Samedi, Attiyah a déclaré à l’organe de son pays Al-Jazeera qu’Israël n’a laissé à la population de Gaza aucun autre choix que de « résister et de se défendre ».

« Gaza affronte deux types de mort », a-t-il affirmé. « Soit une mort lente à cause du siège et de la famine soit une mort rapide par balles ».

Les demandes palestiniennes, a continué Attiyah – et il cite les conditions du Hamas pour un cessez-le-feu, y compris la levée totale du blocus israélien et la construction d’un port maritime – ne sont pas seulement « justes » mais aussi « le strict minimum pour une vie convenable ». Dans une interview à CNN, il a affirmé qu’ « Israël n’a jamais utilisé l’approche pragmatique du Hamas ».

Le Hamas s’est formellement investi dans la destruction d’Israël. Israël a maintenu un blocus sécuritaire autour de la bande de Gaza, en grande partie afin d’empêcher le passage en contrebande de roquettes et d’autres matériaux qui pourraient être utilisés pour les efforts de guerre du Hamas.

Le Secrétaire d’Etat américain John Kerry a transmis à Israël vendredi une proposition de cessez-le-feu qui tenait compte des propositions du Qatar, faites au nom du Hamas, et qui prévoyait un assouplissement de l’accès à la bande de Gaza. Le cabinet de sécurité israélien a voté à l’unanimité le rejet de cette proposition. Des critiques acerbes faites par des sources gouvernementales ont fui. Elles critiquent Kerry pour avoir capitulé devant le Hamas.

Samedi, Kerry a rencontré à Paris les ministres des Affaires étrangères du Qatar et de la Turquie. Cette rencontre a soulevé encore plus de critiques de la part des Israéliens. Cela a créé de nouvelles tensions dans la relation déjà complexe entre le gouvernement de Netanyahu et l’administration Obama. Par la suite, Kerry est revenu à la proposition égyptienne pour le cessez-le-feu.

Bien qu’Attiyah a insisté sur CNN sur le fait que « le Qatar ne soutient pas le Hamas, il soutient les Palestiniens », une source occidentale proche du régime qatari a affirmé au Times of Israel qu’un projet de cessez-le-feu présenté par le Qatar à Mahmoud Abbas plus tôt ce mois-ci « était écrite de la main du Hamas ». La source a ajouté que « le Qatar favorise clairement le Hamas par rapport au Fatah ».

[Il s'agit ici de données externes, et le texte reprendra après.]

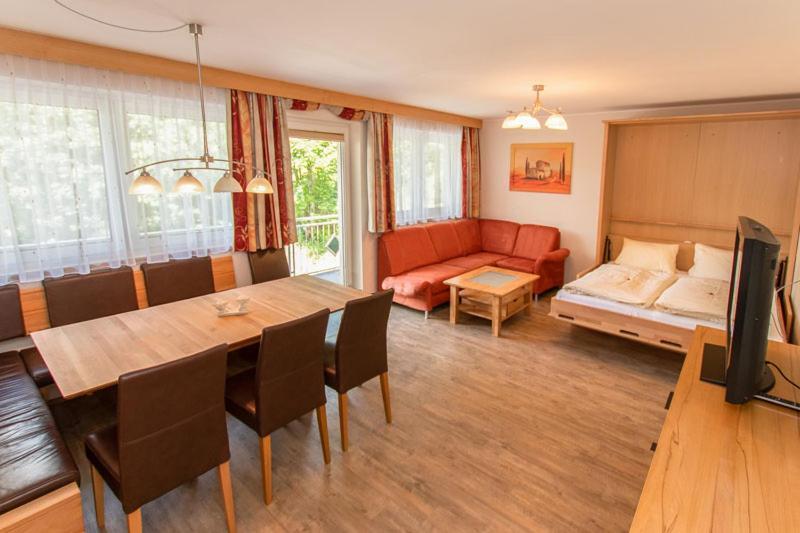 Appartment Hotel Mitterer Saalbach-Hinterglemm Buitenkant foto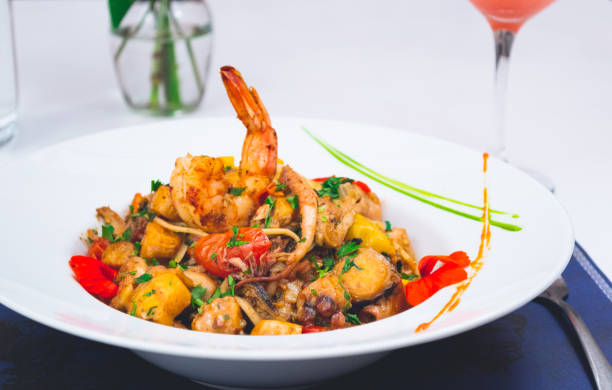 istock GREEK FOOD 1387681867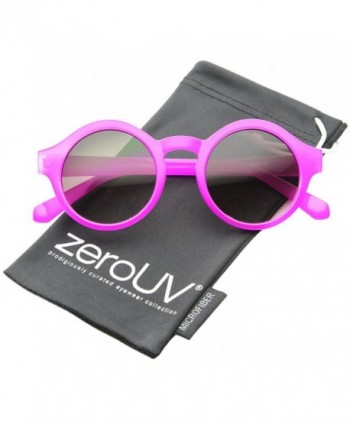 zeroUV Womens Sunglasses Fuchsia Lavender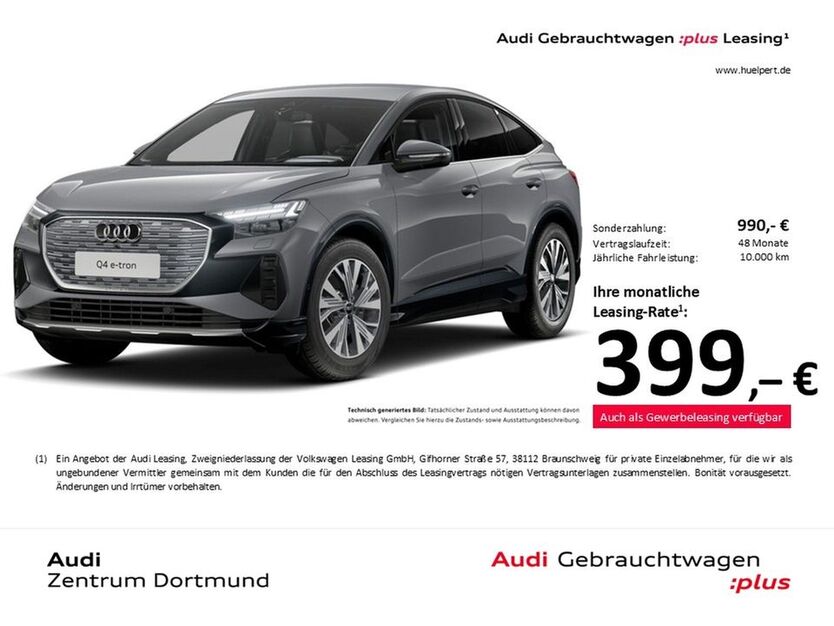 Q4 e-tron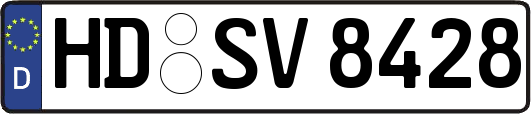 HD-SV8428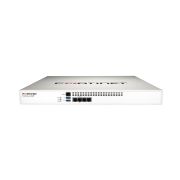 Fortinet FVE-500F-BDL-247-36 FortiVoice-500F 4x 10/100/1000 ports, 1x 1 TB storage, 500 endpoints, 50 VoIP trunks Phone System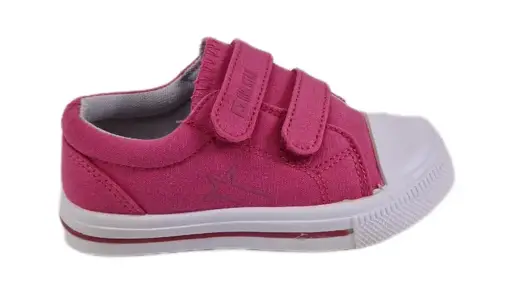Trampki dziewczęce na rzepy BIG STAR NN374113 - zdjęcie 1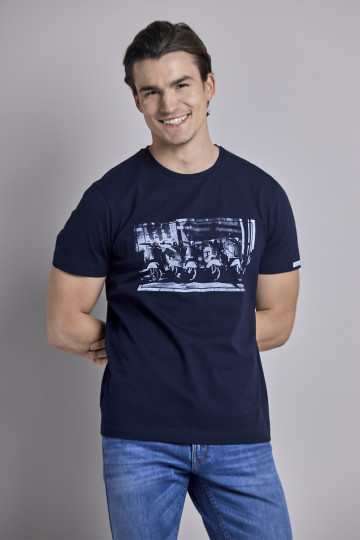 Muška pamučna majica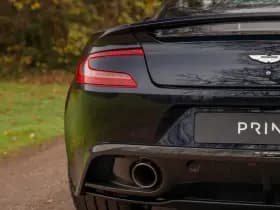Aston Martin Vanquish 6.0 V12 Touchtronic thumbnail 24
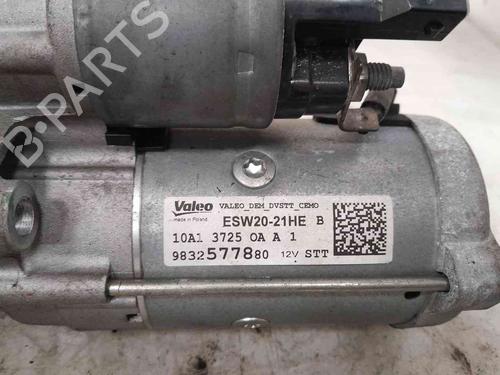 Starter PEUGEOT 2008 II (UD_, US_, UY_, UJ_, UR_, UC_) 1.5 BlueHDI 130 | BP26632352M8 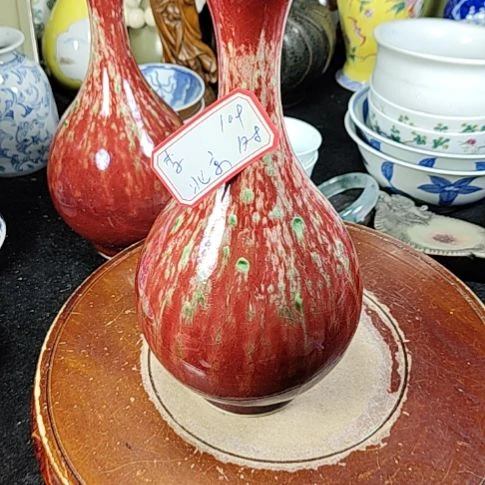 意***在罐全手工制作的瓷器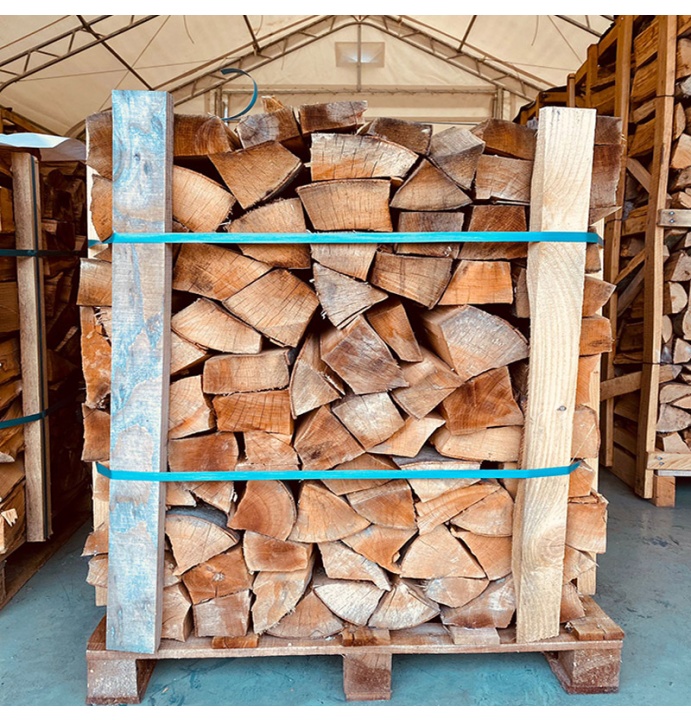 Tvrdé palivové dřevo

Pour Israël, le favoritisme du Qatar envers le Hamas est irréfutable. Yaakov Amidror, un ancien conseiller en sécurité nationale, a déclaré au Times of Israel que le Hamas considère actuellement le Qatar comme l’un de ses alliés les plus proches, aux côtés de la Turquie et – dans une moindre mesure – l’Iran. Même si les États-Unis ont bloqué le transfert d’argent du Qatar destiné aux salariés du Hamas à Gaza, le Qatar continue de financer l’appareil terroriste du mouvement à l’étranger, leur permettant de creuser des tunnels et de lancer des roquettes.

Yaakov Amidror (Crédit : Flash 90)

Yaakov Amidror (Crédit : Flash 90)

L’ancien président Shimon Peres a accusé le Qatar la semaine dernière d’aider [le Hamas] à transformer Gaza en un « centre de la mort ».

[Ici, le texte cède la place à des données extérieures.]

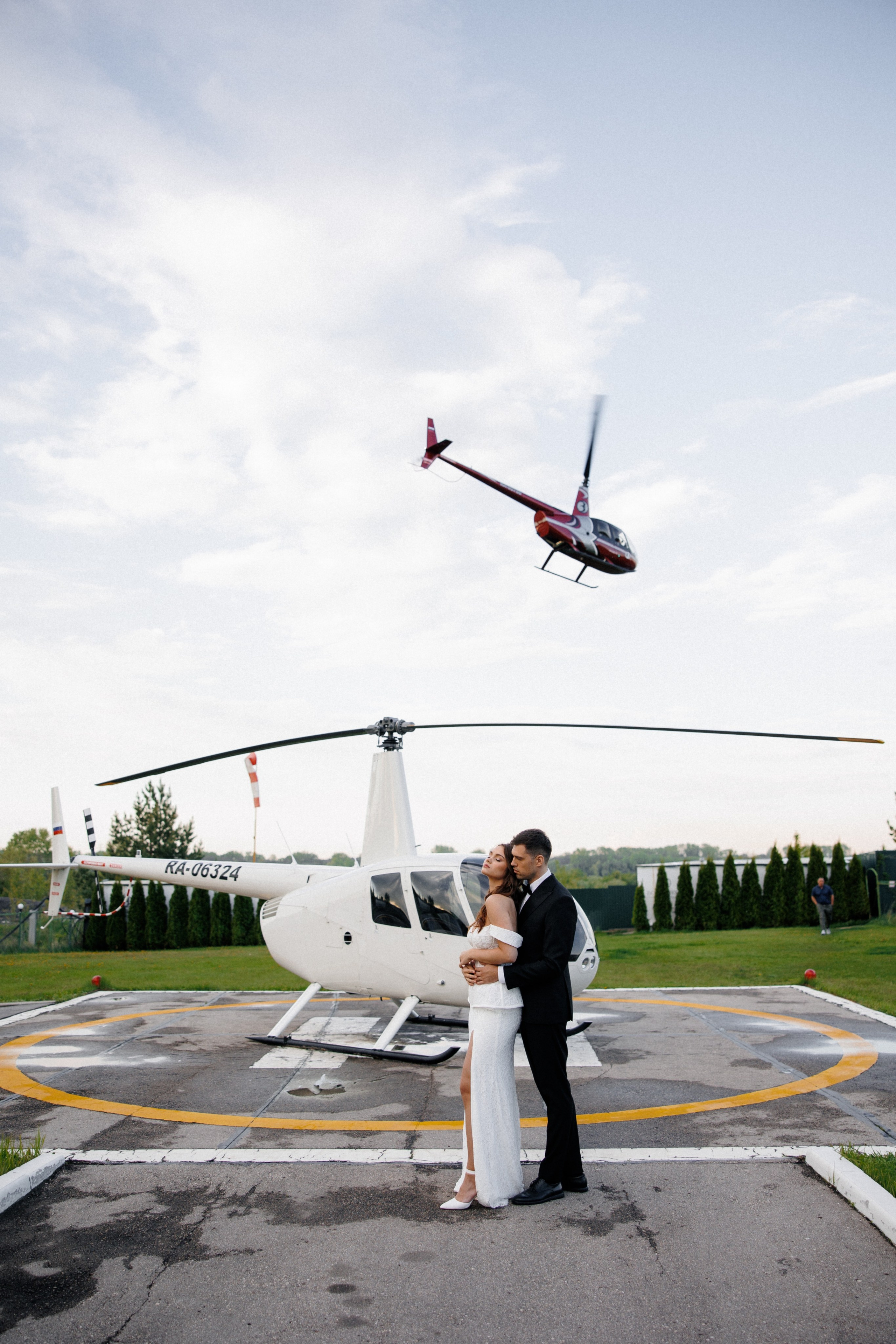 Свадебное портфолио. Главная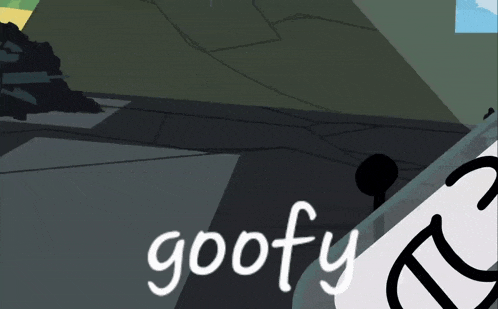 Goofy Ahh Tpot GIF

Même si Israël ne veut catégoriquement pas que le Qatar soit impliqué dans les négociations pour un cessez-le-feu à Gaza, analyse Uzi Rabi, directeur du Centre Moshe Dayan de l’université de Tel Aviv et expert du Golfe arabe, il sera peut-être obligé, face à la pression américaine, de faire des compromis.

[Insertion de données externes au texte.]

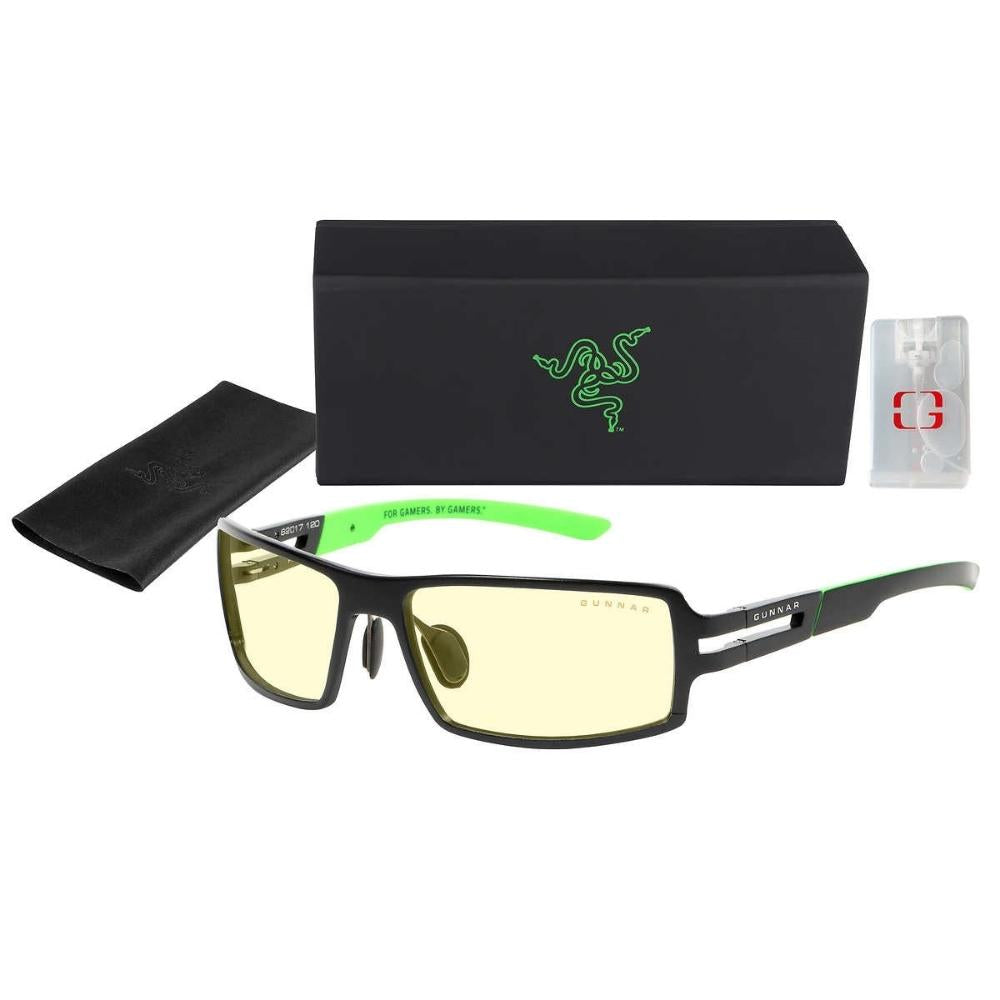 Gunnar - RPG Razer Edition - Anti blue light glasses for computer and gaming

« La relation américano-israélienne est dans une situation difficile », déclare Rabi au Times of Israel.

Comme l’Egypte, le Qatar est considéré comme un négociateur biaisé par certaines des parties (à savoir, Israël et l’Autorité palestinienne) et il a donc une efficacité limitée, a-t-il ajouté.

« Alors que les États-Unis jouent un rôle moins important dans les efforts de négociations pour un cessez-le-feu, les médiateurs potentiels sont partiaux. L’Egypte et le Qatar ne sont pas par essence des médiateurs », a déclaré Rabi.

Pourtant, Plotkin Boghardt de l’Institut de Washington a noté que la critique acerbe des alliés des Américains de la piste qatarie peut pousser Kerry à faire plus attention à partir de maintenant quand il travaillera avec le Qatar.

« Collaborer étroitement avec le Qatar et d’autres partisans du Hamas dans le conflit de Gaza a évidemment envoyé le mauvais message aux alliés les plus forts de l’Amérique dans la région, y compris Israël », conclut-elle.